The Indonesia Millennial and Gen-Z Summit (IMGS) is an annual event organized by IDN. This event aims to empower Indonesia’s younger generations through discussions and interdisciplinary collaborations. IMGS features inspirational figures, professionals, and leaders from various fields who share insights and drive positive change.

The event hosts dozens of discussion sessions in collaboration with eight prominent communities. Topics covered include politics, economics, technology, and pop culture.

===Indonesia Writers Festival===
The Indonesia Writers Festival is an independent writing festival organized by IDN Times. The event seeks to empower Indonesians through writing by inviting experts and literacy activists from various backgrounds.

== Duniaku.com ==
Duniaku.com is a multi-platform digital media part of IDN Times which presents content about geek culture ranging from video games, anime, comics, films, technology and gadgets. Duniaku.com was officially launched on September 6, 2019 by the Minister of Communication and Informatics Rudiantara together with CEO of IDN Media Winston Utomo and IDN Times and Editor-in-Chief of Duniaku.com Uni Lubis.

== Awards ==
- 2019 IDN won WAN-IFRA Asia Digital Media Awards 2019 as the Best Digital Project to Engage Younger and/or Millennial Audiences for IDN Times’ #MillennialsMemilih program
- 2020 IDN Times (IDN Times Community) won WAN-IFRA Asia Digital Media Awards 2019 in The Best in Audience Engagement category.
- 2021 IDN Times journalists won awards at the Subroto Award, Ministry of Energy and Mineral Resources (ESDM) on 28 September 2021.
- 2024 IDN Times won WAN-IFRA event at both the Asia and Global levels in Best Use of AI in Revenue Strategy.

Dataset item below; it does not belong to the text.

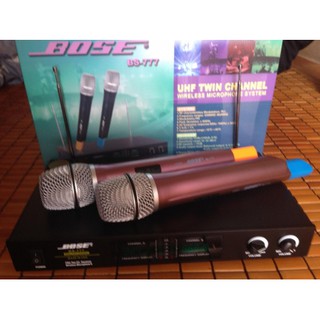 Micro karaoke không dây Bose BS-777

===#Interconnected22 by Pulitzer Center===

One of the IDN Times journalists, Dhana Kencana, was the speaker at the #Interconnected22 conference held from June 9 to June 10, 2022, in Washington DC, United States of America. Dhana Kencana is also a grant recipient Pulitzer Center through the Rainforest Journalism Fund (RJF) program, a funding program for journalists that makes a number of coverage of the rainforest.